Young, 21, died in the bedroom of an ex-boyfriend, Richie Minton, in a Carbondale apartment in the early morning hours of March 24, 2012, after Minton called her there telling her he was drunk and sick and needed her help. She died of a single gunshot wound to the head which authorities maintained until January 2013 was a suicide, even though the bullet entered her skull at an improbable angle for the young woman to have done it herself. In January of that year, a coroner’s jury, hearing ONLY testimony slanted toward suicide, ruled her manner of death “unknown,” meaning they couldn’t give a finding of homicide, but couldn’t give a finding of suicide, either, despite the overwhelming testimony aimed toward that verdict.
With Minton being an employee of the city of Carbondale police department (as a dispatcher), Carbondale, who may have irretrievably bungled the case early on, handed it over to the state police, who also dropped the ball on many occasions in the investigation.
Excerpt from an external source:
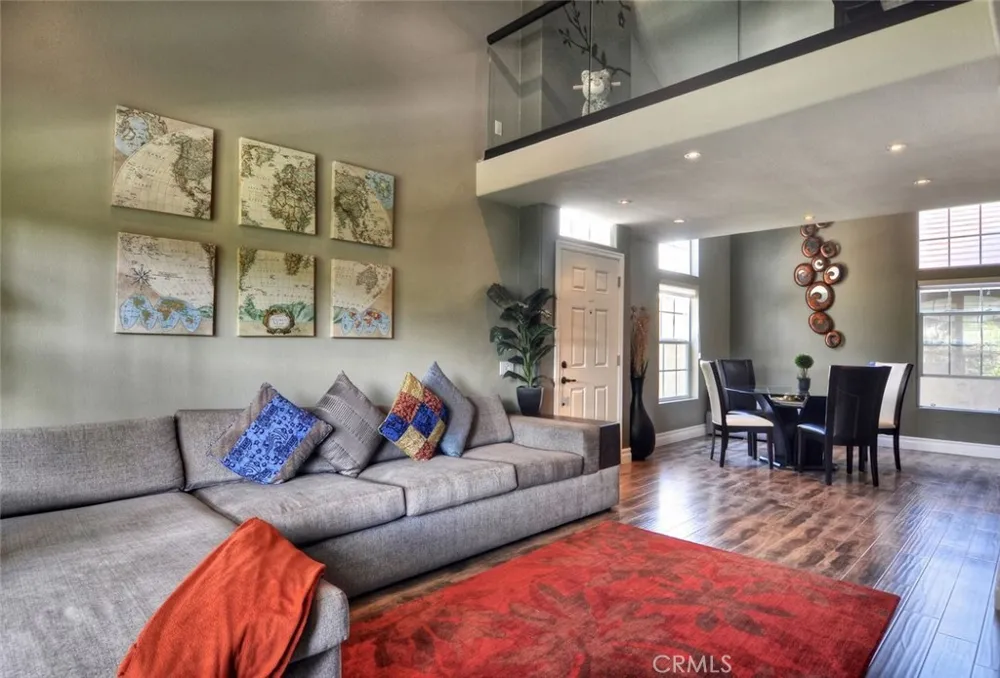 63 Dartmouth Irvine, CA 92612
The case was closed in September 2012 just prior to then-prosecutor Mike Wepseic’s conclusion of term in office. The office was won in that year’s election by Mike Carr, who did nothing to further the investigation. But upon the conclusion reached by the coroner’s jury, and ongoing efforts by the family and the Justice for Molly group throughout 2013, the case was reopened…and in July of 2013, it was handed to Parkinson.
There’s been no word on why Parkinson has taken the stance he has on this very obvious case. We await his response.